3.  The School Board's attorney, after completing the memo and less than an hour after contacting another board member about her memo, sent an email to an ACLU of Florida staff attorney where she asked "Are you involved in this [bus video/discipline] matter as an attorney?" (email from Donna Waters to Benjamin Stevenson, 10-26-2015, 12:20PM CST)  Had the district been in litigation or subject to imminent litigation--such an email to another attorney would not have been necessary.

But even if the attorney work product exemption was properly asserted, it is only recognized for a short duration, until such time as the imminent litigation or adversarial proceeding is concluded.  After such time the record is subject to release.  from AGO 94-77 "The exemption from disclosure provided by section 119.07 (3) (n), Florida Statutes, is temporary and applies during the pendency of the particular litigation for which the document was created.  The exemption exists only until the conclusion of the litigation even if other issues remain." one way or another, this memo was or would soon become a public record.  Even if it raised or raises other issues of concern for the agency or entity----which it possibly could.
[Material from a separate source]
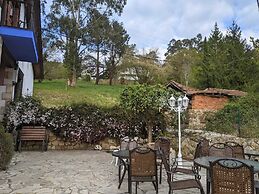 Casa Rural Bilbao Caserio Gondra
This is why this whole episode has been so disappointing......




2 comments:

Anonymous said...

How about memorializing your (discriminatory) invocation policy in writing?

Jeff Bergosh said...

Dave, our practice of having a pre-meeting prayer comports with current law and is inclusive and diverse, I think you must know this by now right? We have demonstrated this sense of inclusiveness over the last year with multiple prayers by multiple faiths and even some secular poems about geese and even a Dr. Suess story if my memory serves me correctly. In short, Dave, we follow the law. Merry Christmas!